Of the lines in the material below, print only those from the one containing "Hello everyone, welcome" to the one containing "It's truly a", ends included, exactly as written and without pictures.

Recorded information:
=== Begin Enclosure ===
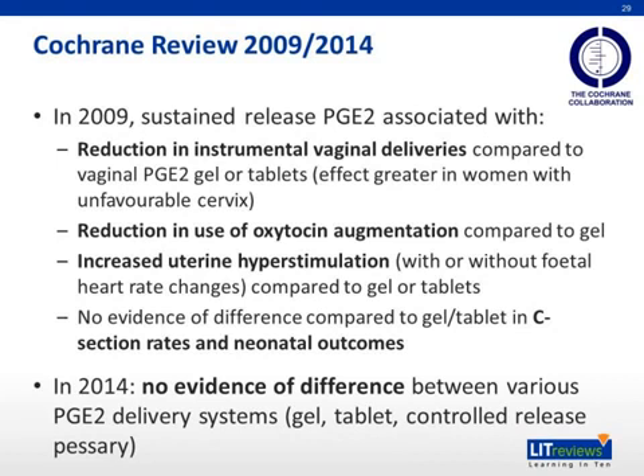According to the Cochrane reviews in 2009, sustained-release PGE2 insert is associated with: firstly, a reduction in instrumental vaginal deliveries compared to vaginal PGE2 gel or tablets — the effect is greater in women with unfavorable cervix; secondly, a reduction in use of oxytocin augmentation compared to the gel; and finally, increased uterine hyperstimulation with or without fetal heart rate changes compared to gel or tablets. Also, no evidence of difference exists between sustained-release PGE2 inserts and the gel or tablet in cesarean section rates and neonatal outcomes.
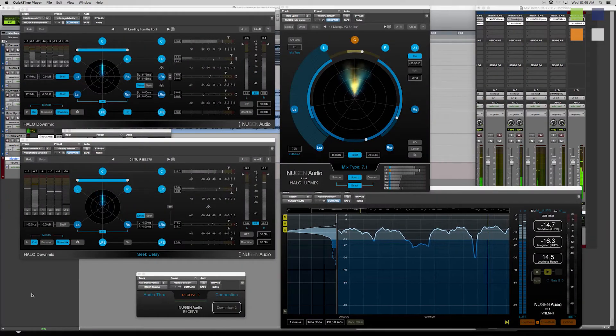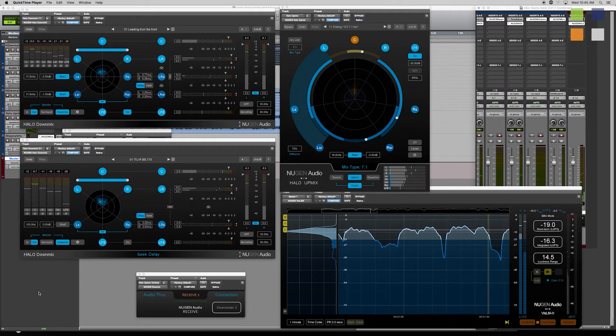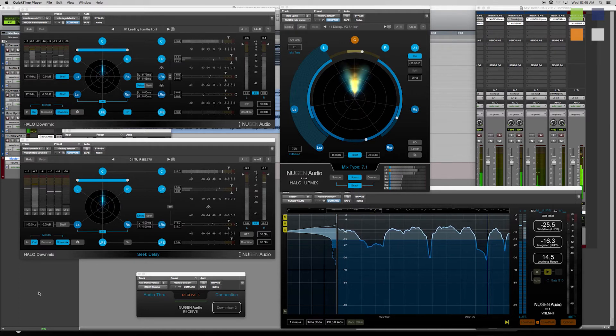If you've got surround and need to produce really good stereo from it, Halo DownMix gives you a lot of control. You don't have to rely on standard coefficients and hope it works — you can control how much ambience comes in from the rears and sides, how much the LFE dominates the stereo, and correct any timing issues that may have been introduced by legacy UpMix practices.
=== End Enclosure ===
=== Begin Enclosure ===
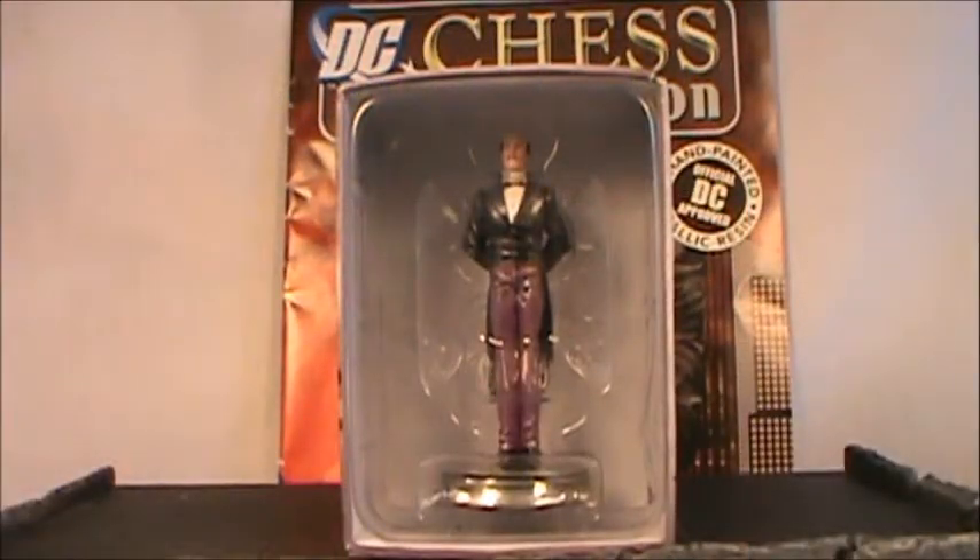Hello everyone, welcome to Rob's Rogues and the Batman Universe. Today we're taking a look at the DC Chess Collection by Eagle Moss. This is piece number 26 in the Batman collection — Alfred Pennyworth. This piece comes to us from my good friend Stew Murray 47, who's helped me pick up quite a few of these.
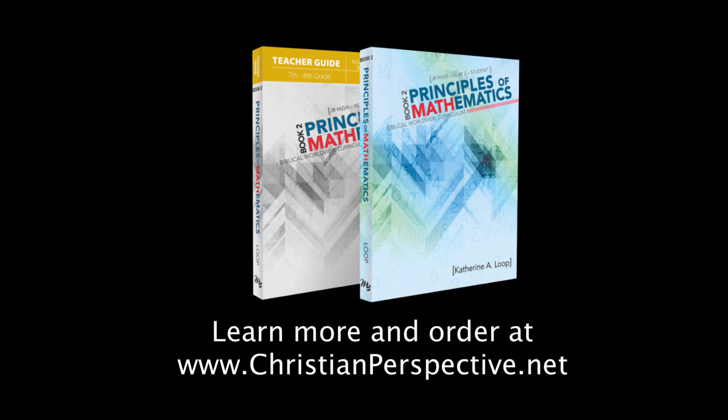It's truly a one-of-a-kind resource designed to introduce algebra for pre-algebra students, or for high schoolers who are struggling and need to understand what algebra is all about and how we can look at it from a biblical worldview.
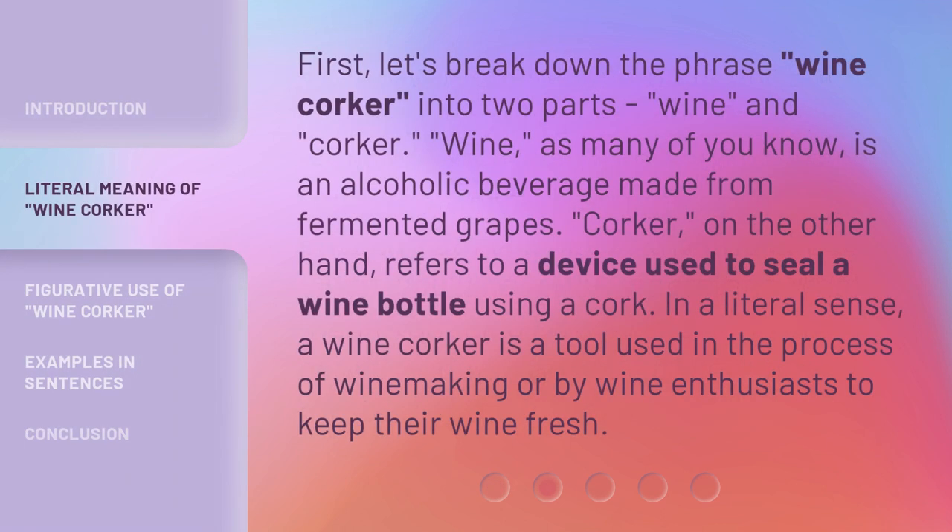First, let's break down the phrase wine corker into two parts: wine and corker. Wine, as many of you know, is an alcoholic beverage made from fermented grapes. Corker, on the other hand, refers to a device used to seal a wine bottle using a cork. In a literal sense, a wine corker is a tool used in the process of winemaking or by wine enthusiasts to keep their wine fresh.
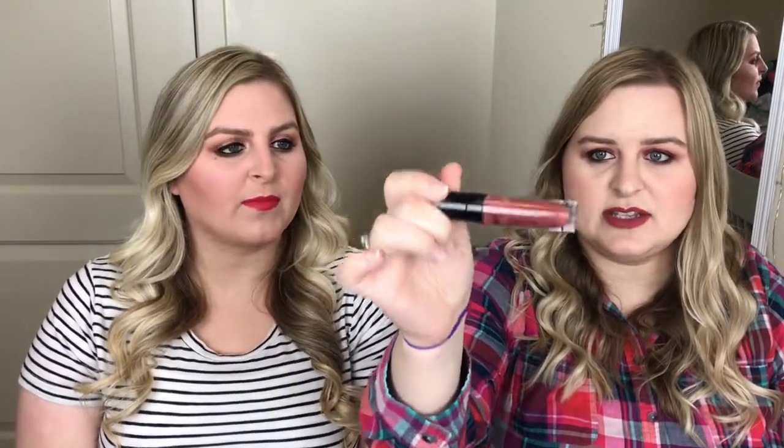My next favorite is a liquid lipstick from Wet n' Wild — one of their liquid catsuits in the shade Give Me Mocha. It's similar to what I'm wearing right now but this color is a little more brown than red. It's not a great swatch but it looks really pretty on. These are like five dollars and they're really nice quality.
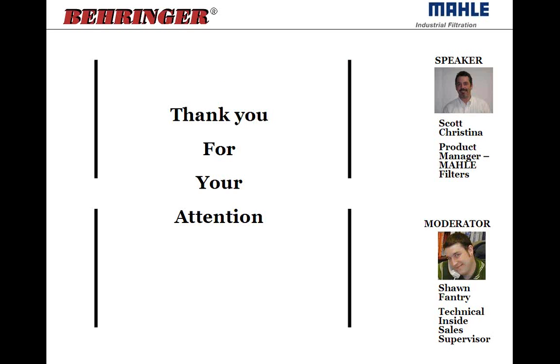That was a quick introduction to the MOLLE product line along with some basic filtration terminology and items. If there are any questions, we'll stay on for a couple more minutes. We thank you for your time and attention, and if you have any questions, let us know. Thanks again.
=== End Enclosure ===
Exercise output:
Hello everyone, welcome to Rob's Rogues and the Batman Universe. Today we're taking a look at the DC Chess Collection by Eagle Moss. This is piece number 26 in the Batman collection — Alfred Pennyworth. This piece comes to us from my good friend Stew Murray 47, who's helped me pick up quite a few of these.
It's truly a one-of-a-kind resource designed to introduce algebra for pre-algebra students, or for high schoolers who are struggling and need to understand what algebra is all about and how we can look at it from a biblical worldview.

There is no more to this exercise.